Segment Start: Extracted information

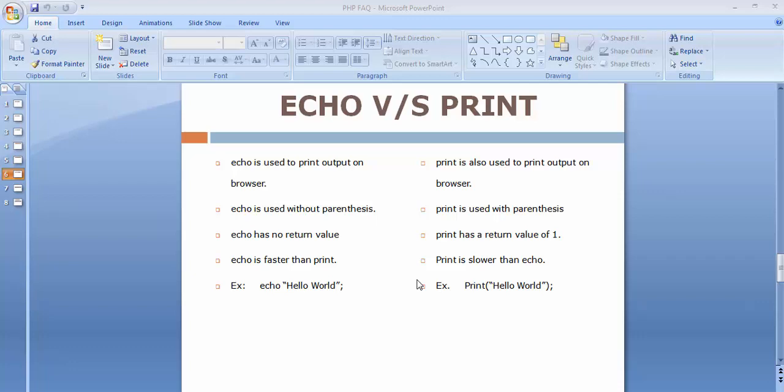Hi friends and subscribers, this is Mehmushik. From the past one video, I am working on discussing some of the important and frequently asked interview questions on PHP. Since this is our second video of this tutorial series, in this video we will be discussing what is the difference between echo and print.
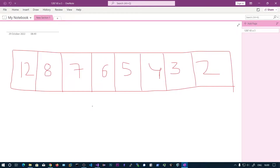In this video we will see how to reverse an array without taking the help of a second array. We have the array elements 12, 8, 7, 6, 5, 4, 3, 2 and we are going to reverse these elements in place. Upon reversing you will get 2, 3, 4, 5, 6, 7, 8, 12.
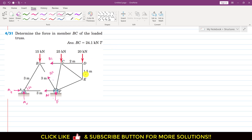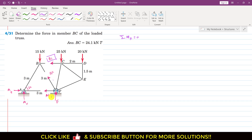Since we are considering this side as a free body diagram, we are interested to find the BC member force. The BF and AF member forces are not known, but as we can see, both BF and AF member forces are passing through point F. So if we find the summation of moment about point F equals zero, BF and AF will not come into our calculation, since they are not producing any moment about F. Similarly, the reaction force is also passing through point F, so it will not produce a moment about point F.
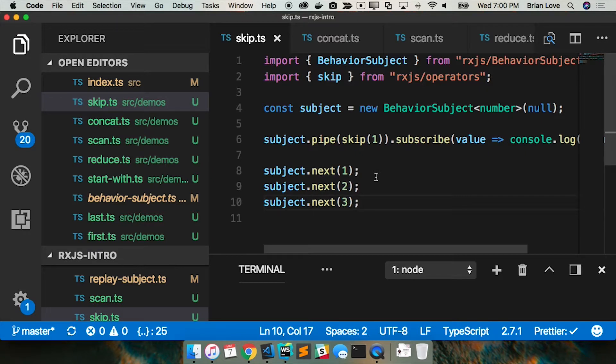This is a pretty simple example, but a pretty common use case of skip. I've got a behavior subject — if you remember from the previous talk, behavior subjects always take a seed value. So in this case, I'm creating a new behavior subject that's going to emit numbers and give it an initial value of null. But I don't really care about null, so I'm just going to skip one, and then subscribe to those values.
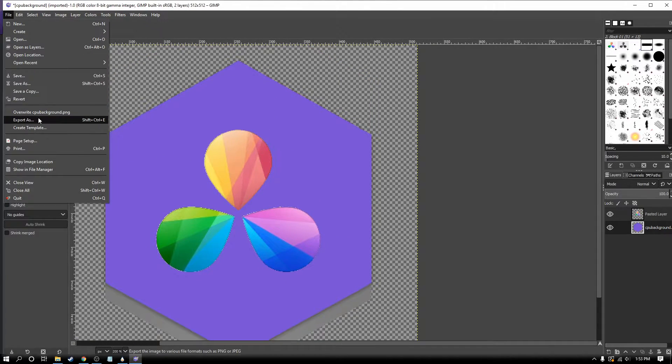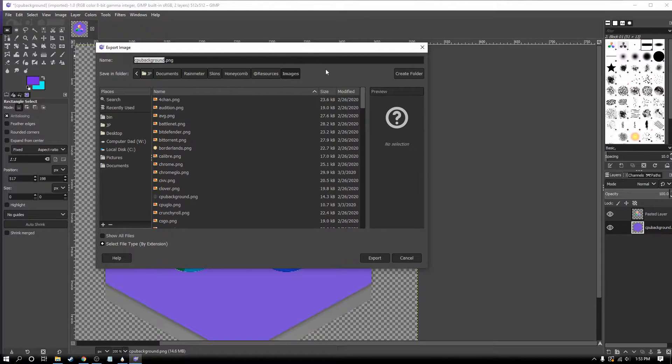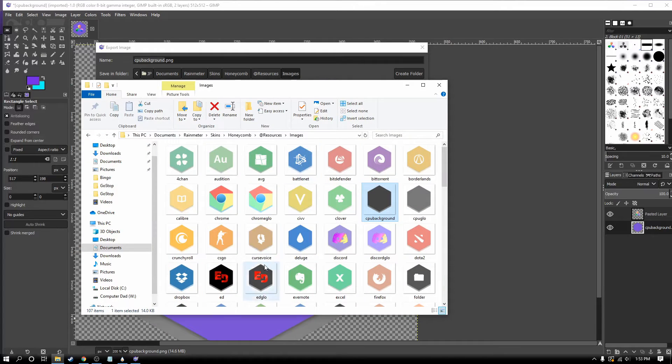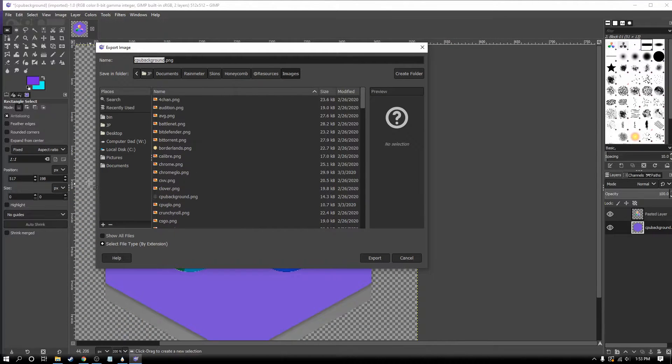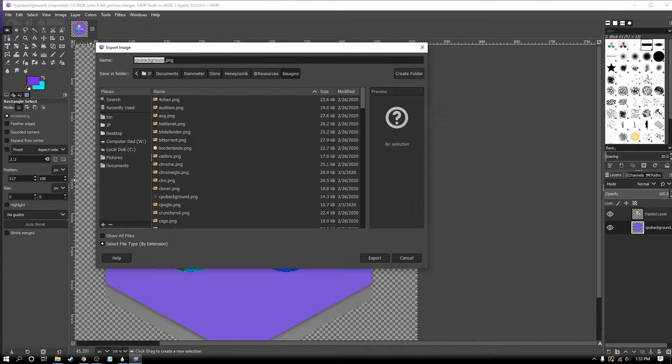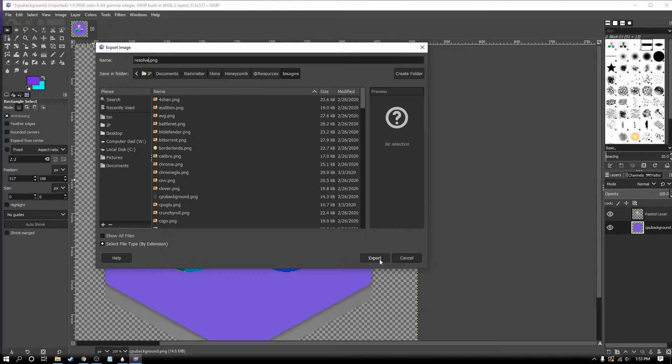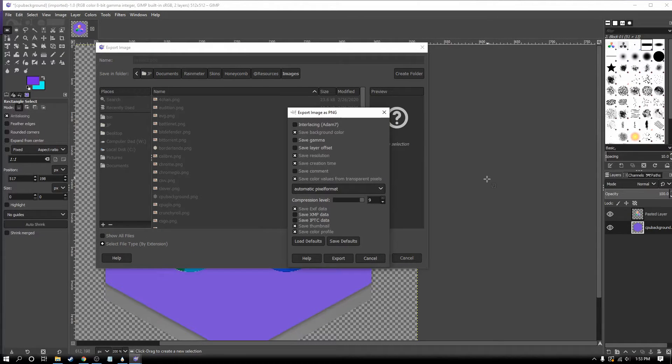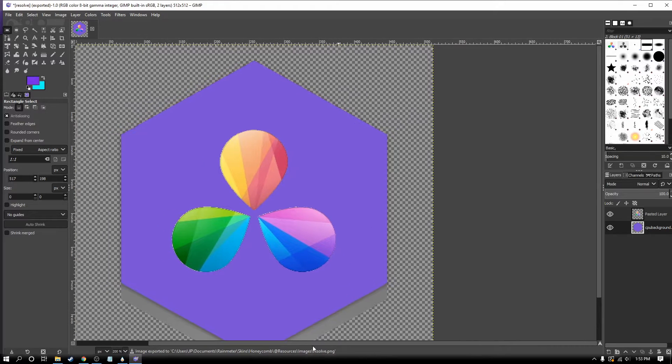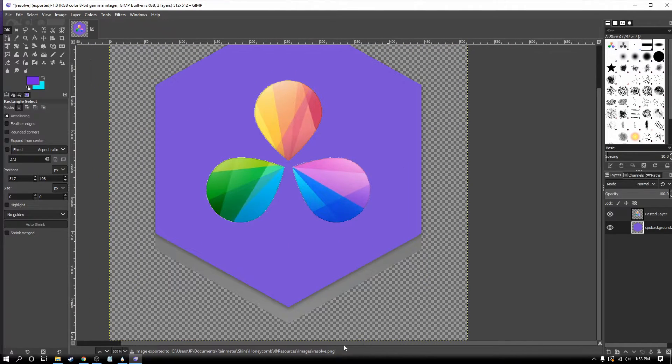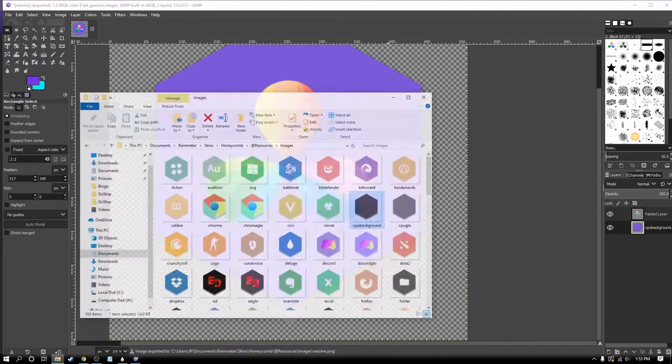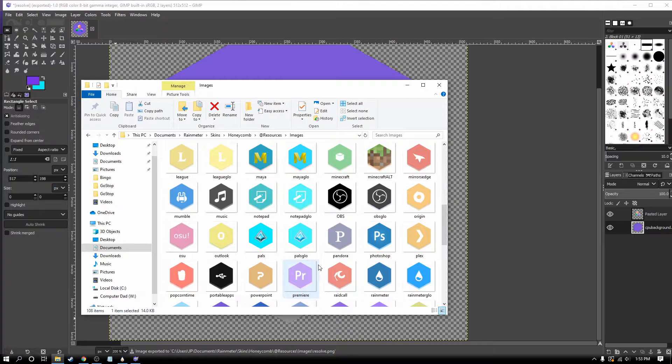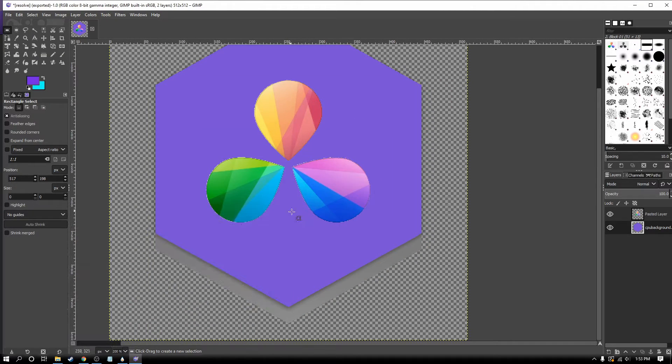I'm going to click export as. Notice that because I dragged the image in from this honeycomb folder, when I go to export, it exports right to that folder, which is pretty great. We're going to export this as resolve. Now without going anywhere, you can see that the resolve logo is now in our folder here.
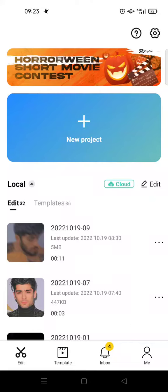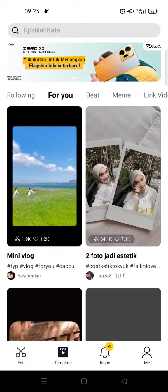Hi guys, back with me again in this channel. On today's tutorial I'm going to show you how to find the best CapCut templates for TikTok. As you know, many TikTok accounts use CapCut as their editing app, so if you want to know what's best for TikTok you can just use the templates on CapCut.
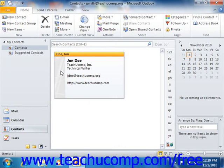In Business Cards view, a business card represents each contact within the folder. The business card shows the contact's name, address, telephone numbers, and email address by default. You can click on any contact's business card in order to select the contact.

Segment End: Extracted information

• [Your goal]:
Only the lines from the beginning of the listing up to and including the line with "I'm going to click" should appear in the reply, copied word for word and free of pictures.

• [Solution for this task]:
Hi friends and subscribers, this is Mehmushik. From the past one video, I am working on discussing some of the important and frequently asked interview questions on PHP. Since this is our second video of this tutorial series, in this video we will be discussing what is the difference between echo and print.
In this video we will see how to reverse an array without taking the help of a second array. We have the array elements 12, 8, 7, 6, 5, 4, 3, 2 and we are going to reverse these elements in place. Upon reversing you will get 2, 3, 4, 5, 6, 7, 8, 12.
Since we are considering this side as a free body diagram, we are interested to find the BC member force. The BF and AF member forces are not known, but as we can see, both BF and AF member forces are passing through point F. So if we find the summation of moment about point F equals zero, BF and AF will not come into our calculation, since they are not producing any moment about F. Similarly, the reaction force is also passing through point F, so it will not produce a moment about point F.
This is a pretty simple example, but a pretty common use case of skip. I've got a behavior subject — if you remember from the previous talk, behavior subjects always take a seed value. So in this case, I'm creating a new behavior subject that's going to emit numbers and give it an initial value of null. But I don't really care about null, so I'm just going to skip one, and then subscribe to those values.
I'm going to click export as. Notice that because I dragged the image in from this honeycomb folder, when I go to export, it exports right to that folder, which is pretty great. We're going to export this as resolve. Now without going anywhere, you can see that the resolve logo is now in our folder here.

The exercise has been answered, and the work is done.